Captioned web images
----

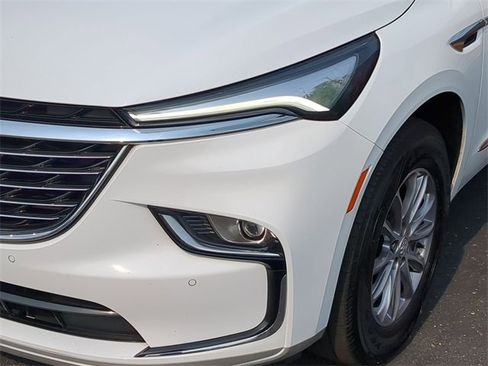 Used 2024 Buick Enclave Premium image 10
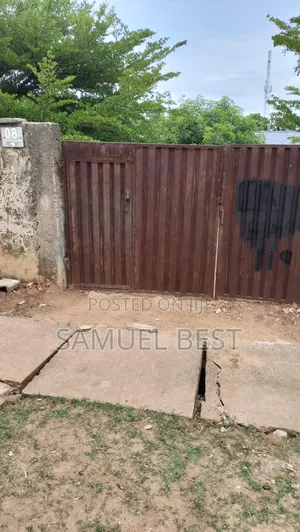 8bdrm House in Poly Quarters, Kaduna / Kaduna State for sale
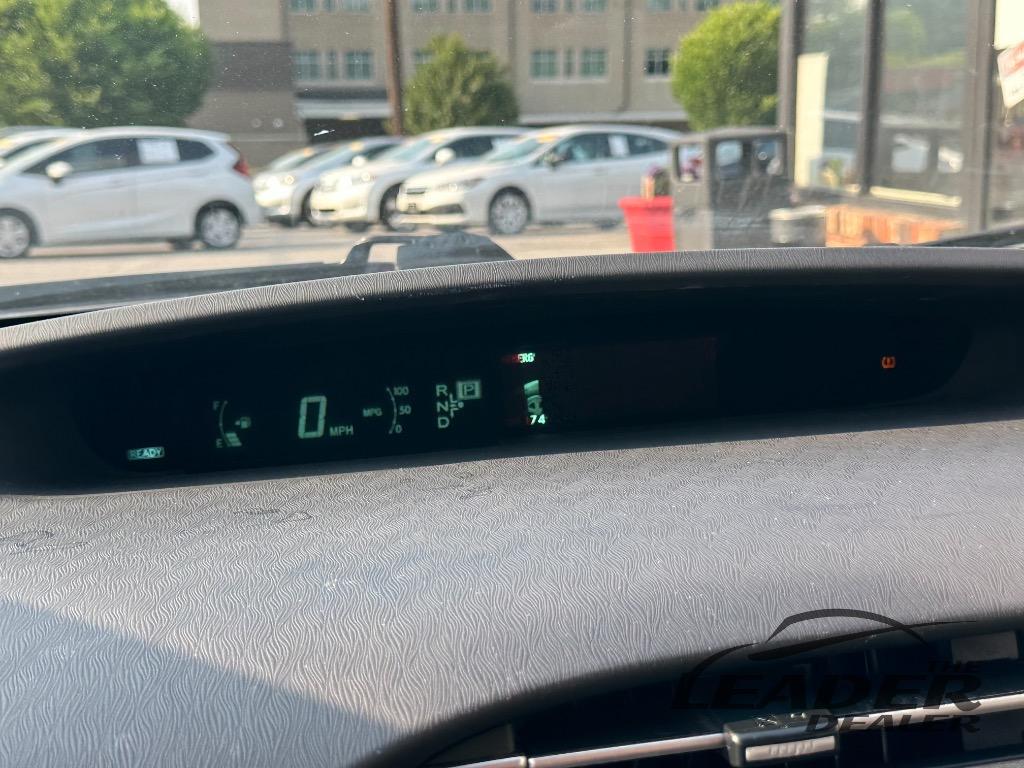 2015 Toyota Prius photo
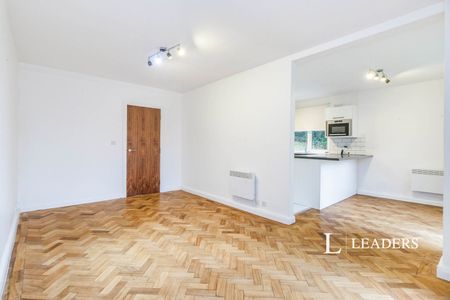 2 bedroom apartment to rent Beechcroft Manor, Weybridge, Surrey, KT13 - Photo 2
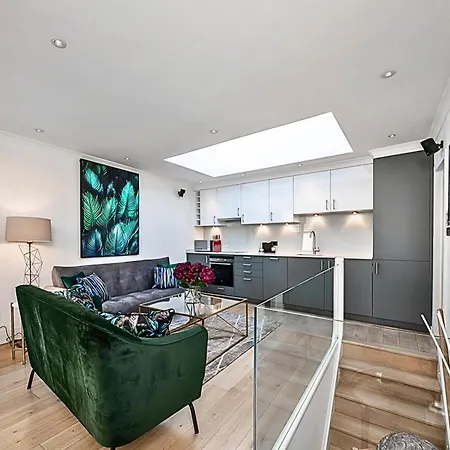 Kensington Oasis: Central London Private House Near Attractions Villa Exterior photo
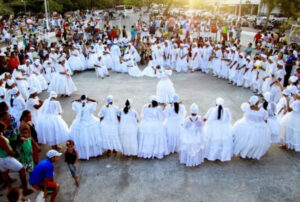 Na Bahia, professora é apedrejada por alunos após aula sobre cultura afro-brasileira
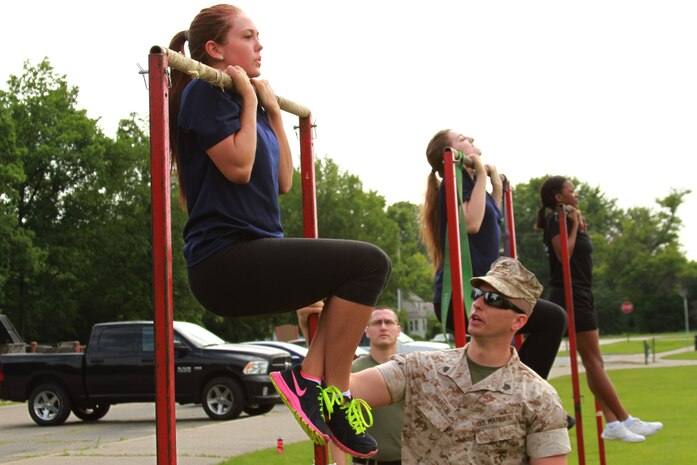 Future female Marines tackle Marine Corps lifestyle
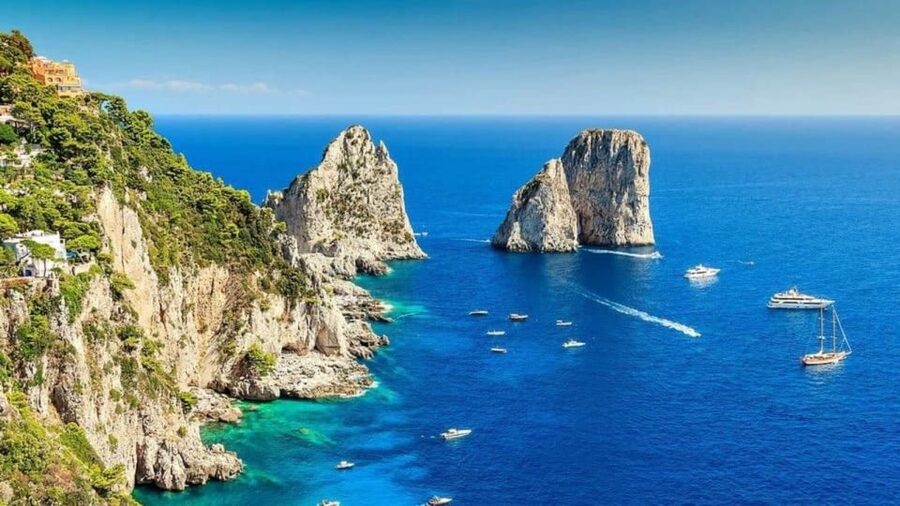 From Amalfi: Li Galli and Capri Islands Boat Tour - Food, drinks, and what you should pack for comfort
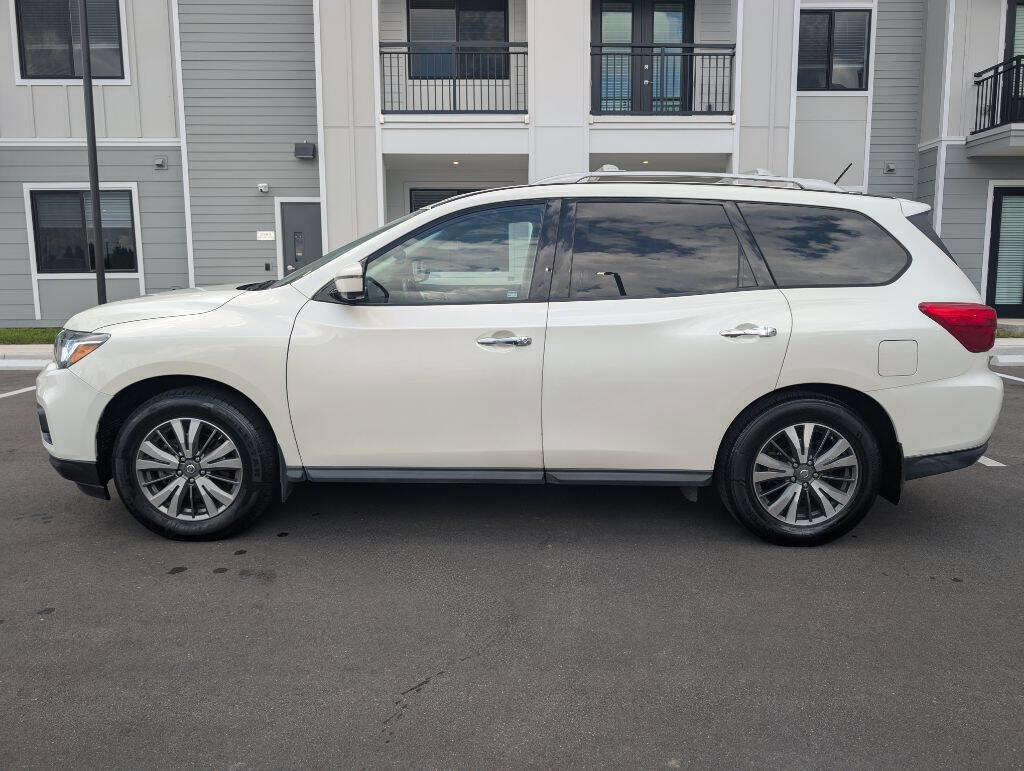 Used 2018 Nissan Pathfinder SL w/ Cargo Package image 5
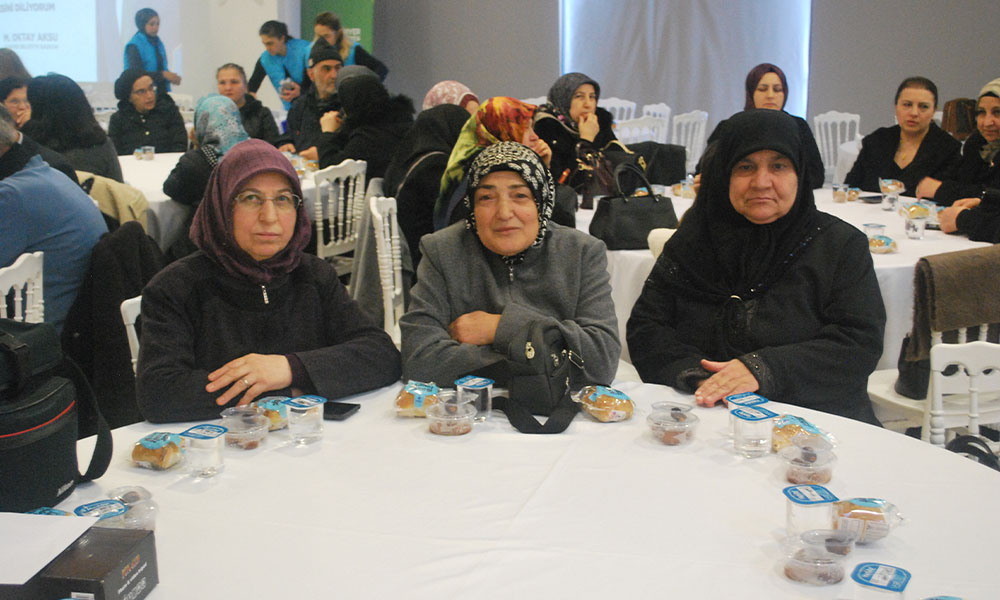 Babuş Köyü Kadınları: “Su Sorunumuz Çözülsün, Hamarat Ellerimizle Sofralar Kurmaya Devam Edelim”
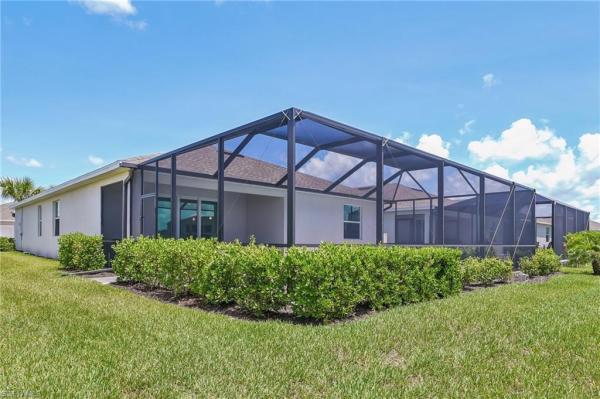 20625 Copperhead Dr, Lehigh Acres, Florida 33936, image 1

----

* [DESCRIPTION OF THE TASK] Repeat the data above exactly, images excluded.

* [WRITTEN ANSWER]
 Used 2024 Buick Enclave Premium image 10
 8bdrm House in Poly Quarters, Kaduna / Kaduna State for sale
 2015 Toyota Prius photo
 2 bedroom apartment to rent Beechcroft Manor, Weybridge, Surrey, KT13 - Photo 2
 Kensington Oasis: Central London Private House Near Attractions Villa Exterior photo
 Na Bahia, professora é apedrejada por alunos após aula sobre cultura afro-brasileira
 Future female Marines tackle Marine Corps lifestyle
 From Amalfi: Li Galli and Capri Islands Boat Tour - Food, drinks, and what you should pack for comfort
 Used 2018 Nissan Pathfinder SL w/ Cargo Package image 5
 Babuş Köyü Kadınları: “Su Sorunumuz Çözülsün, Hamarat Ellerimizle Sofralar Kurmaya Devam Edelim”
 20625 Copperhead Dr, Lehigh Acres, Florida 33936, image 1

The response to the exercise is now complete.